For any normal Google Photos user, the homescreen can get cluttered with similar photos. A new “Photo Stack” feature might mediate that in a future update, housing similar photos in their own virtual piles.

This possibly upcoming Photo Stack feature was discovered in Google Photo’s app coding, with little room for interpretation. Strings in the latest version of Google Photos were spotted by AssembleDebug on X/Twitter. According to the strings, photo stacks will work automatically, grouping like photos together in a pile on the gallery page.

In theory, this could clean up your photo library considerably.

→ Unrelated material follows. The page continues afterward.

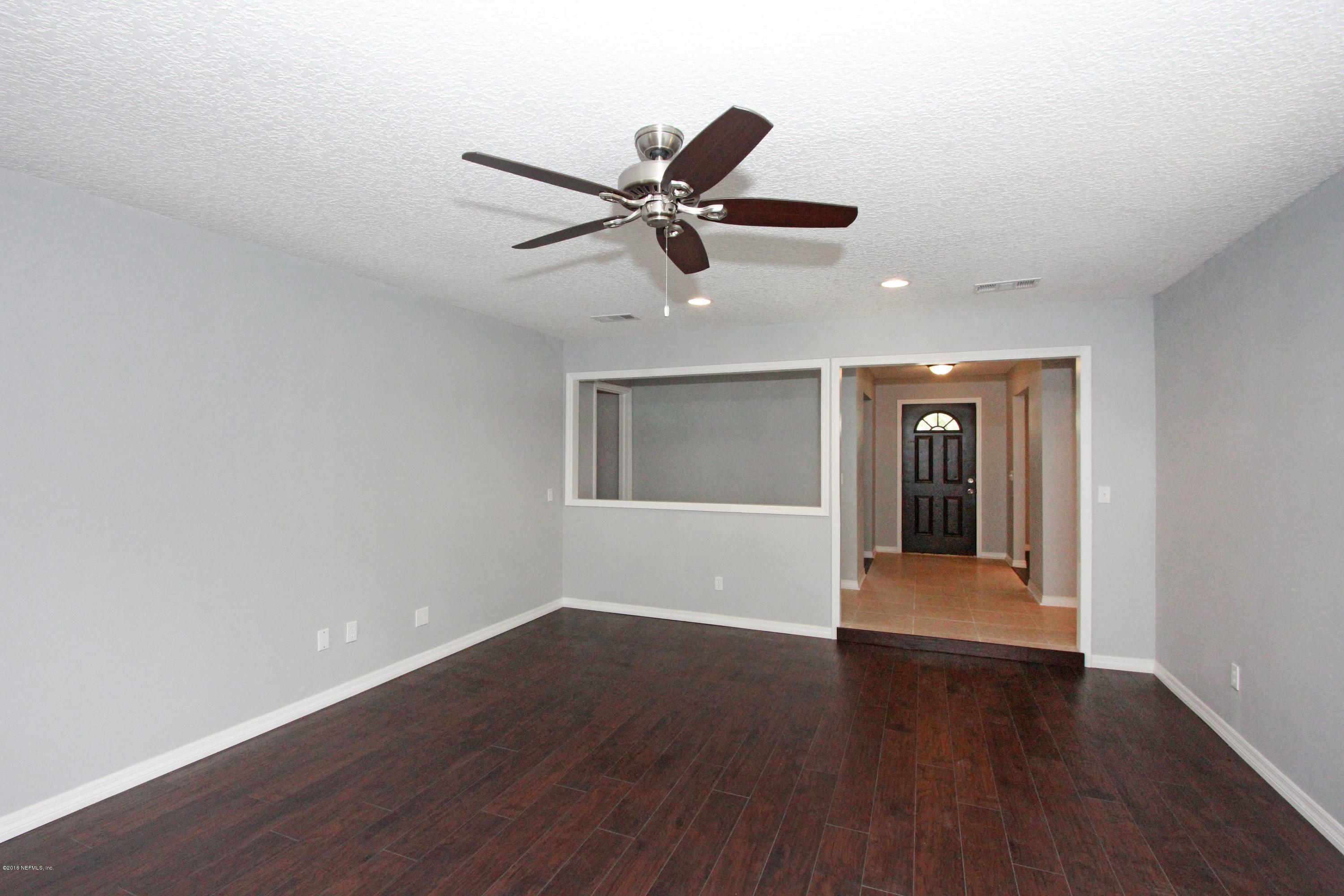 292 Foxridge Road Orange Park, FL 32065 - Photo 11 of 25 LIVING ROOM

In its current form, Google Photos houses individual photos on the gallery page side-by-side. Users can change the size of these photos with a simple zoom gesture, but there’s no way to consolidate images into smaller groupings beyond same-date photos. The images you take will show up next to others, no matter how similar they look. Google Photos does change the size of individual images to break photos up visually. However, the possibility of the Photos tab being riddled with the same image over and over is high.

The new photo stack feature would live among other smart features in Google Photos that work automatically, like generated animations and collages that work in the background. Photo stacks would presumably be a little different, as it’s an organization feature more than a feature for presentation.

As for what this will look like, we really don’t know yet, but we could imagine that stacks could take on a larger footprint like featured images.

According to the code found, the feature will be optional, with a toggle to turn it off or on. The top photo in the stack will likewise be interchangeable, which will help personalize the main gallery a bit. The code was found in version 6.59, which has started to slowly roll out, but the feature isn’t actively available even in that newer version, and couldn’t even be manually enabled.